He examined his feelings for the doctor yet again, here in the light and goodness of the hall, but his anger was mainly at himself.

  Mrs Woolton was now looking at him strangely.

  ‘I’m sorry, I was miles away,’ Tom said.

  ‘I said, I will make you a costume. Our Kate will get you up to scratch, you mark my words.’

  ‘I don’t doubt that.’

  He moved on, towards the stage, but Pauline had risen and intercepted him. ‘Where on earth have you been?’

  ‘Looking for my notebooks. I found them, but so did you.’

  ‘Indeed. We both know the truth now about that young lady, if one can use the term.’ Pauline laughed. It was an unpleasant sound.

  Tom said, drawing her towards the double doors of the hall, then out into the darkness of the lobby and finally outside, ‘Truth?’ He kept his voice calm, because who knew what made this woman as she was, and he must despise her actions, and not her.

  ‘Yes, darling. I know you like your little snug, but I need to be part of everything in your life, as I’m to be your wife. It’s appalling to read the truth of that little madam and her lies. No wonder you have changed your tune about her.’

  ‘So, you didn’t read to the end? If you had, you would have seen that you are wrong – we all are. She did tell the truth.’

  Pauline laughed again. ‘Nonsense. Her sort are no better than they ought to be. She asked for whatever happened to her in those woods, and now you say she told the truth. Exactly how do you know that?’

  He sighed, because he was no better than this woman, not really. He said, ‘Pauline, those books are private; they are not to be discussed.’

  ‘Oh, darling, don’t be such a softie. Use your common sense and take a look at her, showing off in there. I know you like to believe the best of people, but honestly.’

  Tom took off his coat. ‘Put this round you. We are going to the vicarage to collect anything you have left there. We are then going to the pub, and you will leave tomorrow morning. This can’t go on. You don’t love me, and I don’t love you, and if you ever so much as breathe a word about what is in those diaries, I will tell your employer that you have lied about needing compassionate leave. Please bear in mind that, in wartime, I expect there is some sort of penalty for not satisfactorily pursuing or performing war work.’

  She pulled away from him, as he hustled her down the High Street. ‘Have you gone mad?’

  ‘I mean it, Pauline. I will phone whoever needs to know, if I don’t get that solemn promise from you. And if I don’t, I will also publish the truth about the diaries. You will be the only one to suffer.’

  He waited in the kitchen while she collected her books, a pen and a scarf. ‘If you have left anything, I will send it on.’

  He marched her to the village hall and found her coat on the hook and her hat. He held her coat, and all Pauline could do was put it on. He wore his own, which smelled of her perfume, but he would air it tomorrow. He walked her to the pub.

  ‘I will order a taxi for you.
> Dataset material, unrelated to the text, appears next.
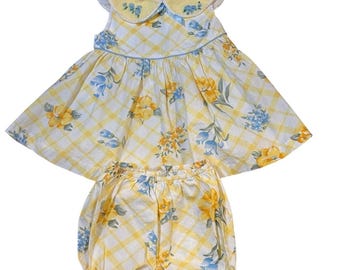 Completo vintage anni '90 2T giallo floreale a quadri con mutandine stile cottagecore per bambini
It will arrive at eight in the morning. I will not be there to see you off. Enjoy your life, Pauline. And I’m sorry I haven’t spent more time with you and made you understand that we have no future together. You are a good woman, but the way you are behaving is sad beyond measure. Change, for your own sake, I beg you. Just as I must.’

  She slapped him. It stung. ‘You’re hideous anyway, Tom Rees. And what makes you think that Kate will want you – because that’s what all this is about, isn’t it?’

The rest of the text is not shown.